[RECORDS PROVIDED Boundary: Start]
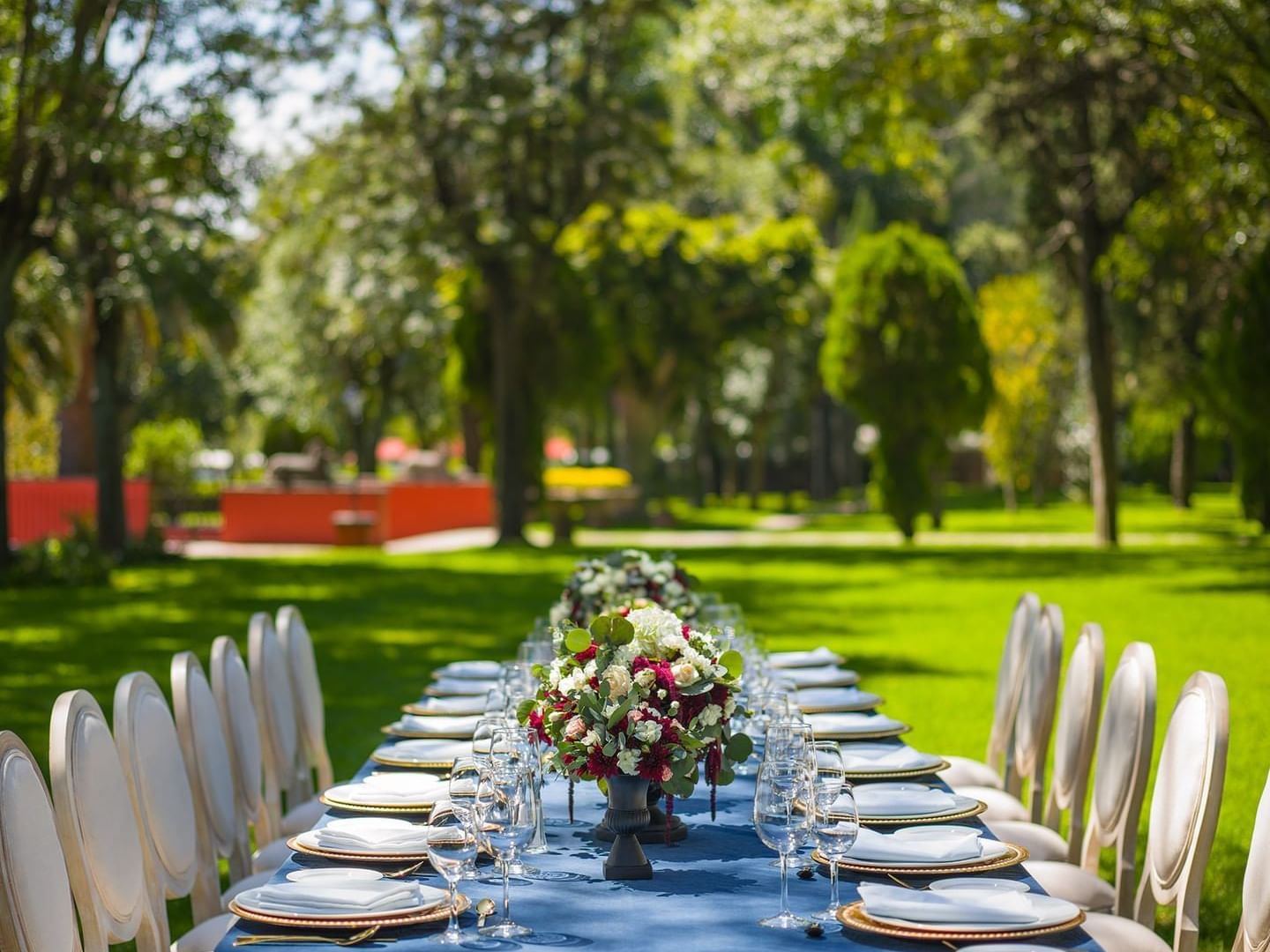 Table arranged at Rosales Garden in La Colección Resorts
[RECORDS PROVIDED Boundary: End]
[RECORDS PROVIDED Boundary: Start]
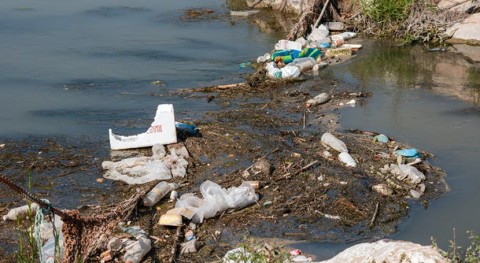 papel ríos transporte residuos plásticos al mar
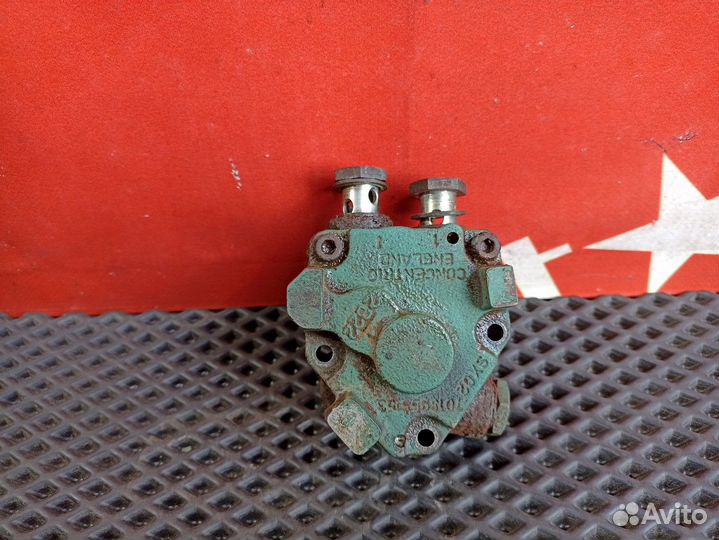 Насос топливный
[RECORDS PROVIDED Boundary: End]
[RECORDS PROVIDED Boundary: Start]
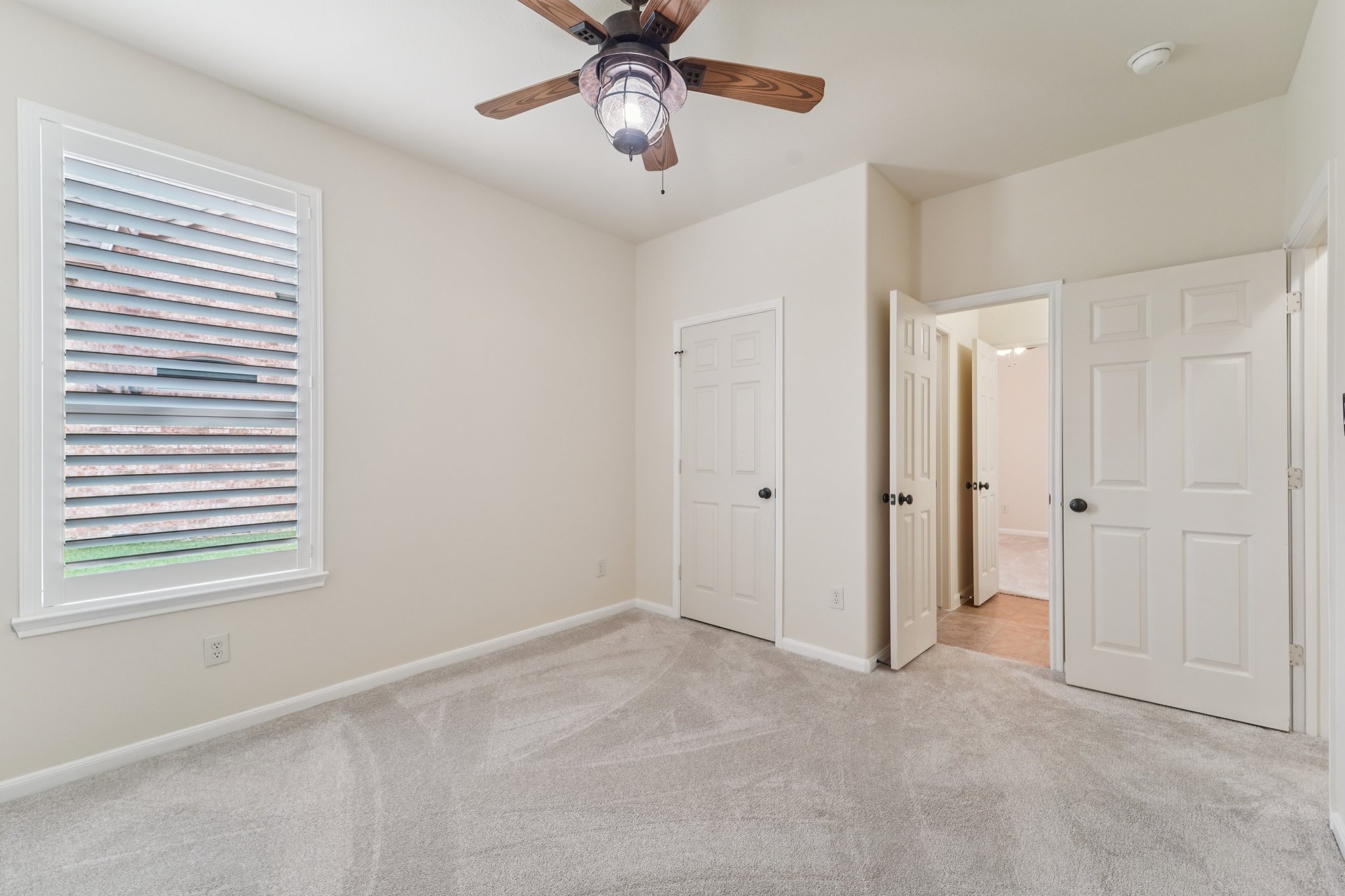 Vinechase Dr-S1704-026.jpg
[RECORDS PROVIDED Boundary: End]
[BRIEF] In the data above, the stretch from the line with "papel ríos transporte" through the line with "Насос топливный" is to be returned exactly, minus any pictures.

[SOLVED EXERCISE]
 papel ríos transporte residuos plásticos al mar
 Насос топливный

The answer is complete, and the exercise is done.